Note that BlenderFDS does not insert an explicit MULT namelist, because having the full list of generated MESH instances in the FDS case allows assigning each MESH namelist to a specific MPI_PROCESS for well balanced parallel calculations. See later on on this page for a discussion on the topic.

Of course, you can combine both splitting and multipling to obtain an array of splitted MESH instances.

FDS enforces strict rules on MESH instances alignment. In the following example, you see a fine and a coarse MESH sharing a border. The fine cells of the same MESH should always completely cover each coarse one.

The MESH instances generated by BlenderFDS by splitting or multipling the same Blender Object are always correctly aligned.

But if you need to align MESH namelists generated from different Objects, BlenderFDS offers an Align To operator in the sidebar, that aligns the currently selected MESH to a reference one, by moving and resizing the selected MESH and updating its cell size, when needed. The alignment is performed only if they share common borders or the border is at snapping distance.

The current FDS constraints make the alignment not always possible. The operator tries to conserve as much as possible the overall size and the cell size of the reference MESH, too, but you can choose to allow updating those sizes, too.

If you would like to have FDS check the alignment without running the full case, set the parameter CHECK_MESH_ALIGNMENT=T to any MESH line. If the job stops with no errors, the meshes obey the alignment rules.
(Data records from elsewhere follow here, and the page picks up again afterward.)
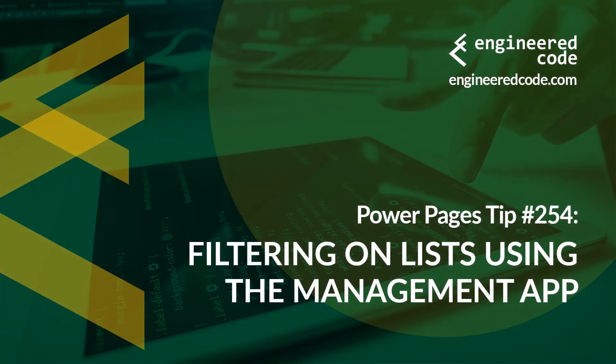Thanks for watching, and I hope you found the Power Pages tip number 254 on filtering on lists using the management app useful.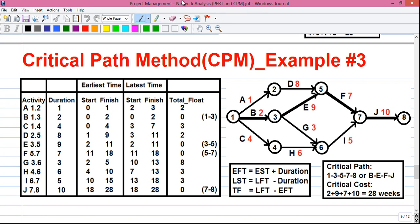Hello my dear friends, I am Sujoy and I am back with a new series of tutorials where I am telling you how to do project management using network analysis. I have explained project management from the very basic in my previous 8 videos.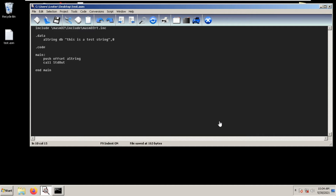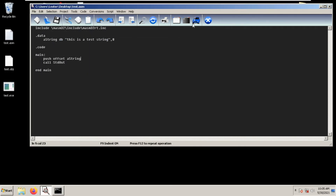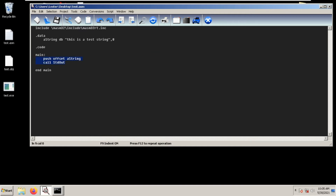Welcome back. Today I will be showing you the power of invoke. Remember before, how we output a string to the screen — to the command line — we use push offset, the name of the variable, and then call std out. So if we compile this — console build all, no errors — and we test our script, we run test.exe, and as we can see we get 'this is a test string', which is what we expect. But if we do this for many lines, it will become very tedious.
This check can sometimes take a few tens of seconds, but you can open Smokeview after launching the job to check the alignment by eye.
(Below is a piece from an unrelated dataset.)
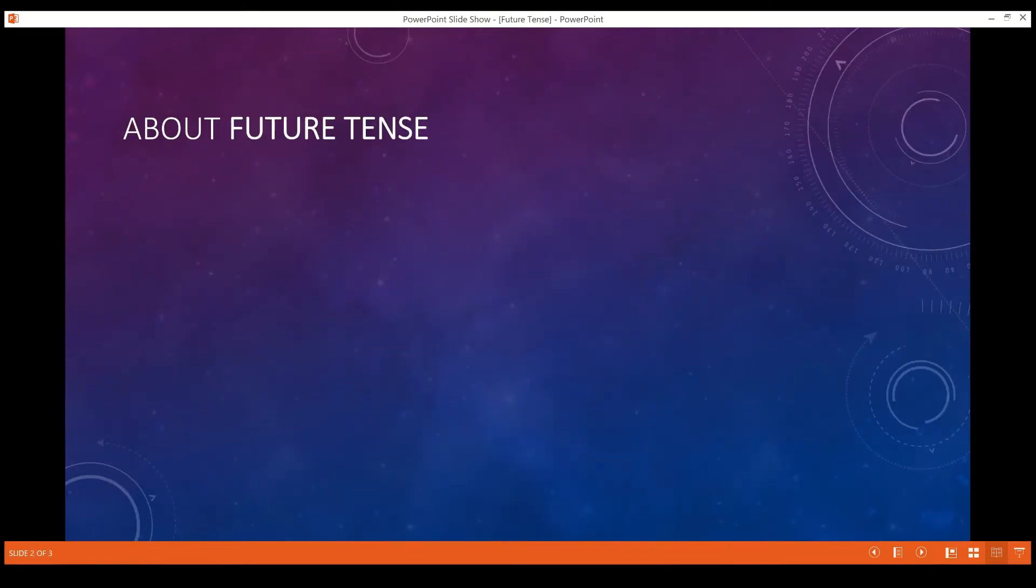About future tense: the future tense is used to express a future event or a future state of being.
If you switch on the MPI_PROCESS parameter in the FDS Case Config panel and set the number of processes you wish to dedicate to the FDS run, all the MESH lines of your FDS cases will have the MPI_PROCESS number assigned.

BlenderFDS tries to evenly distribute the load between the MPI processes, as much as possible. By using a simple first-fit bin pack algorithm the MESH lines are assigned to the available MPI processes, according to their cell quantity.
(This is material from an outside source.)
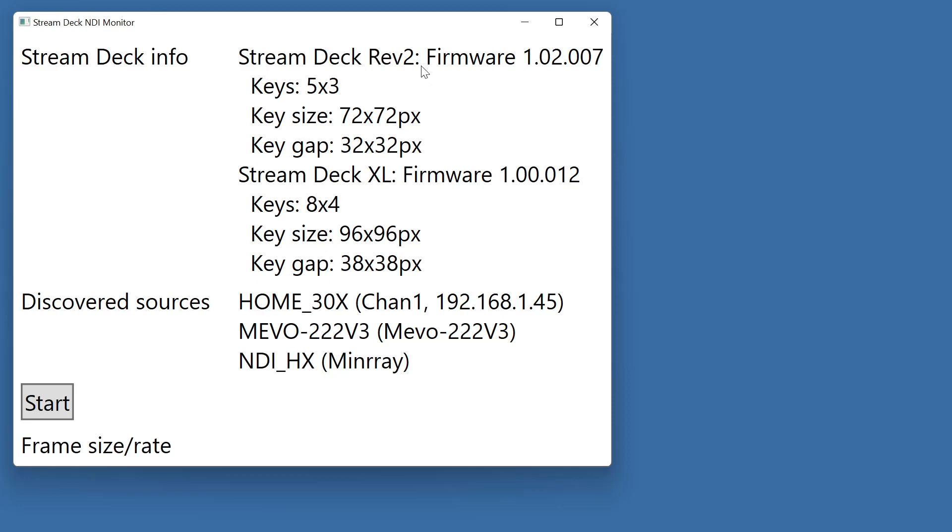We can see that we've got a Stream Deck Rev 2 which has 5x3 buttons and a Stream Deck XL which has 8x4 buttons, and it's found the three cameras that I mentioned just now. The PTZ Optics Home 30X, the Mevo Start and this NDI HX Miniray is another 30x optical zoom camera.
The following picture shows an example of the algorithm sorting the MESH instances by cell quantity (colored boxes) and evenly distributing them on the 4 processes.

In the same FDS Case Config panel you can also setup the number of OpenMP Threads, that are going to be used when performing FDS computations from BlenderFDS, as described in the Run FDS wiki page.